This is the mail archive of the
mailing list for the GCC project.
Optimization Option Question
- From: "Tangnianyao (ICT)" <tangnianyao at huawei dot com>
- To: "gcc at gcc dot gnu dot org" <gcc at gcc dot gnu dot org>
- Date: Wed, 19 Dec 2018 08:10:46 +0000
- Subject: Optimization Option Question
I am dealing with compile optimization comparison between arm64 and intel platform, with g++ (version 4.9.4).
Compile the following c++ code,
uint32 Witness::getEntityVolatileDataUpdateFlags(Entity* otherEntity)
uint32 flags = UPDATE_FLAG_NULL;
if (otherEntity->controlledBy() && pEntity_->id() == otherEntity->controlledBy()->id())

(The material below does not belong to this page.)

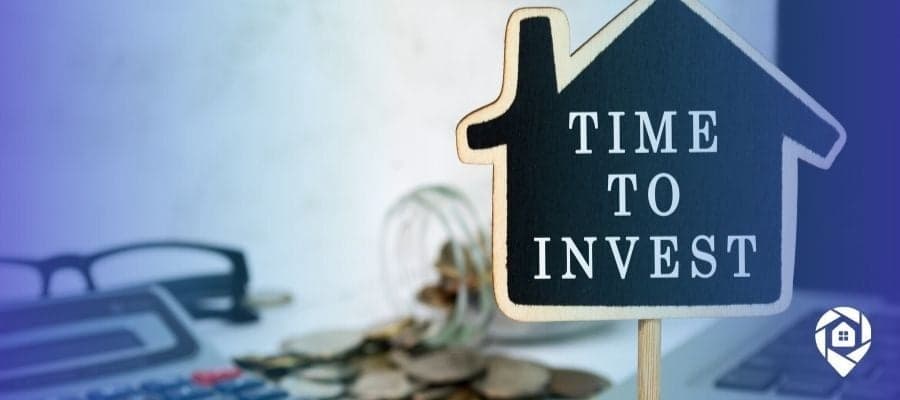 Time to invest in real estate sign with coins and calculator – start flipping, renting, or wholesaling properties for financial freedom.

with successive load memory operations at the entry of a function, where the latter load memory operation has dependency on the former one.
Compiling result on intel x86-64 platform, we find that g++ will put one load memory instrution in front of push stack instructions of function call. It can save some time waiting the former load to finish on an out-of-order processor. We use these optimization options O1, -fpartial-inlining, -fschedule-insns2, -ftree-pre.
On arm64 platform, We use the same optimization options to compile the same code and find that there is no similar results. No load memory instructions is put before push stack instructions. Nor we get that result using O2, O3, or Ofast to complie on arm64.
Did we have similar compiling optimization on arm64 g++?
If yes, which optimization options can I use?